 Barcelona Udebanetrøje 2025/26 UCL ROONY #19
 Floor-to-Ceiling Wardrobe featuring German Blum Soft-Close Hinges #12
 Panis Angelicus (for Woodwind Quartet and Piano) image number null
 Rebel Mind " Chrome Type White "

==

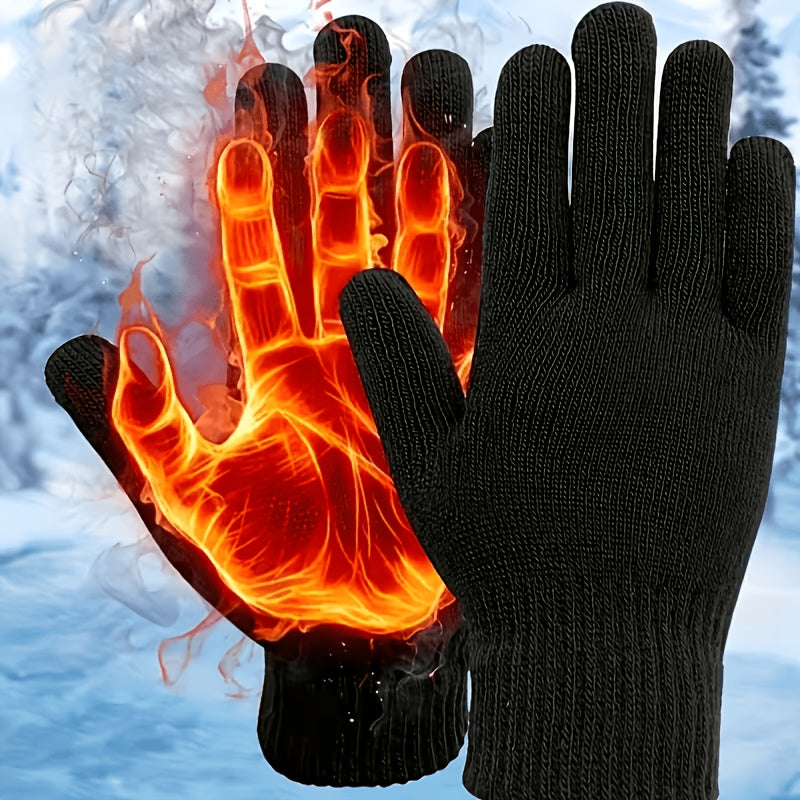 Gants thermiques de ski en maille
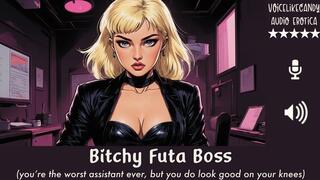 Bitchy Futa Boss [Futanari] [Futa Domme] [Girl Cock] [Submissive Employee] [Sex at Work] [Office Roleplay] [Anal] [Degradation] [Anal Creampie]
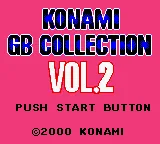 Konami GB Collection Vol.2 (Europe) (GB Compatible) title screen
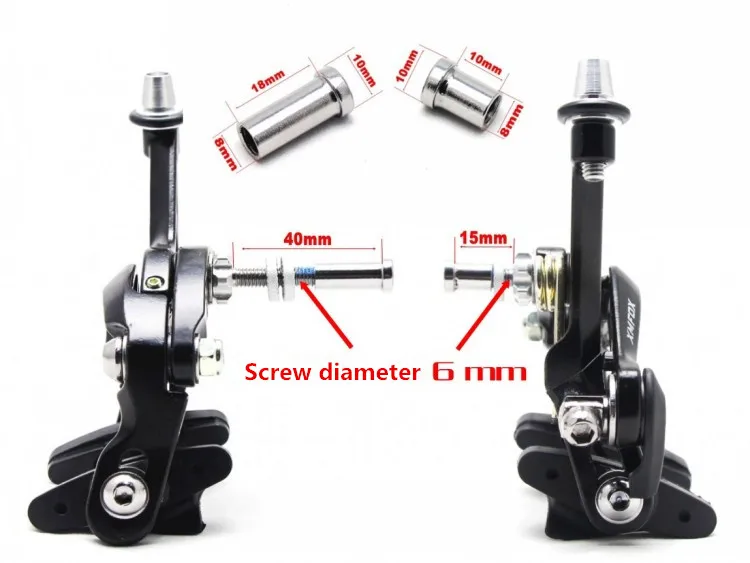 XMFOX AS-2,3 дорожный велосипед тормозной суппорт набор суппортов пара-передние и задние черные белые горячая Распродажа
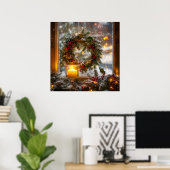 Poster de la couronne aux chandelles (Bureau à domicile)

- [To do]: Set down, exactly as they appear above, all lines from the one that has "Barcelona Udebanetrøje 2025/26 UCL ROONY #19" down to the one that has "Chrome Type White", including those two and no others.

- [Answer for this exercise]:
 Barcelona Udebanetrøje 2025/26 UCL ROONY #19
 Floor-to-Ceiling Wardrobe featuring German Blum Soft-Close Hinges #12
 Panis Angelicus (for Woodwind Quartet and Piano) image number null
 Rebel Mind " Chrome Type White "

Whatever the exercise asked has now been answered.